News

How South Africa's Sha Sha Is Bringing Amapiano Music Into the Future

SHA SHA
artvillian

SHA SHA

At the virtual 2020 BET Awards, amapiano artist Sha Sha beat out crossover successes Rema, Celeste and Young T & Bugsey to win the viewer’s choice best new international act award. “I never saw that coming,” she says over Zoom from her home in Johannesburg. “I felt like I was still working toward that type of recognition.”

Sha Sha, who has been recording music in her bedroom since she was 19, got her start when a friend sent one of her songs to a radio station in Zimbabwe. It received airplay and attracted the attention of local producer-singer Audius Mtawarira, who served as a mentor to Sha Sha. Her first single, “Miss Independent,” found success in Zimbabwe and South Africa, where she often traveled to visit her mother before relocating.
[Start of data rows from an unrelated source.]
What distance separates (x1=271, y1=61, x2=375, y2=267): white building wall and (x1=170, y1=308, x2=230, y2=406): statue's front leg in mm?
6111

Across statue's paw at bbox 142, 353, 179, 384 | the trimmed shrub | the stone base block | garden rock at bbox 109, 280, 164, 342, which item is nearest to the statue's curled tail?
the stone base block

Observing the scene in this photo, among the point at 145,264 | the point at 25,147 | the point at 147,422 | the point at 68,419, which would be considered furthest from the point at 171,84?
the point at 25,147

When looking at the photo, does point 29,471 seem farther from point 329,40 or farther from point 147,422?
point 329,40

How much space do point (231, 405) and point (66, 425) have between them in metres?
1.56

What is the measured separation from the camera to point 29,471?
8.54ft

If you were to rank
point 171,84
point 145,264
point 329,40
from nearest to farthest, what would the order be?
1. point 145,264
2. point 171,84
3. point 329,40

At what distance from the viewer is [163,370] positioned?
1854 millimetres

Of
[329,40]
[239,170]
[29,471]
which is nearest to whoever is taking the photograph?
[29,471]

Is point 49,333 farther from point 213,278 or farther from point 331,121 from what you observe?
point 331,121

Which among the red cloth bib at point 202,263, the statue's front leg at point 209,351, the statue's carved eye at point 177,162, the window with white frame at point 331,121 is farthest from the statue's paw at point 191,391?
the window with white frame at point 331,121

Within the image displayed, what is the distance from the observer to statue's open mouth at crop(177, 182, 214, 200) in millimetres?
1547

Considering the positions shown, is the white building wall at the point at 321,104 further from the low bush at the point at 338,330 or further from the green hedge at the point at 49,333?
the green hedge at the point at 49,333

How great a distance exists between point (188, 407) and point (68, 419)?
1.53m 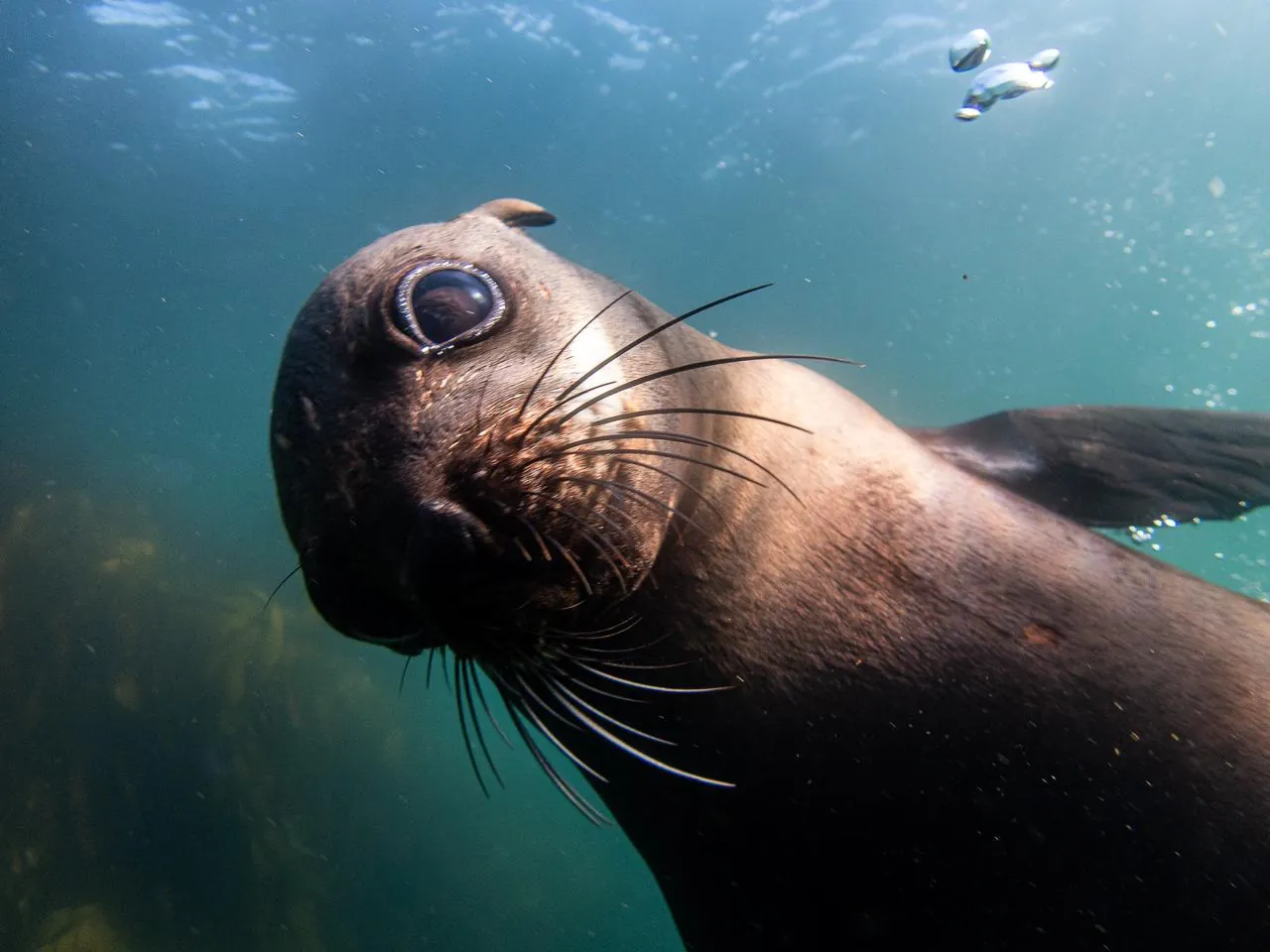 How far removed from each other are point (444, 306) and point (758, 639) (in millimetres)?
1075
It’s there she connected with DJ Maphorisa — one of South Africa’s most established producers who’s credited on Drake’s “One Dance” and Major Lazer’s “Particula” — after talking to a cab driver who put her in touch. “I played Maphorisa one of my ballads,” says Sha Sha. “From there, I started working with a whole different level of artists.” By 2018, Sha Sha signed a record deal with Maphorisa’s Blaqboy label, which has a joint venture with Sony Music Africa. She released her debut EP, Blossom, the following year.

Working with Maphorisa — a pioneer in amapiano, a genre best known for its jazz elements and piano melodies, and a softer sound than the harder-hitting gqom —helped the now 26-year-old Sha Sha (born Charmaine Mapimbiro) earn the nickname “Queen of Amapiano.” She says she enjoys adding her own flair (she sings in English, Zulu, Shona and Ndebele) and that “when that drum hits, you just want to dance.”

Since Blossom arrived, Sha Sha released the shimmery single “Woza” in December, which has garnered 850,000 YouTube views, and is working on a full-length album as well as a documentary about her career. In spite of the spotlight, the self-confessed “shy child” still prefers to keep her head down. “I like to be a little mysterious and work silently,” she says. “Then everybody will see it when it pops off.”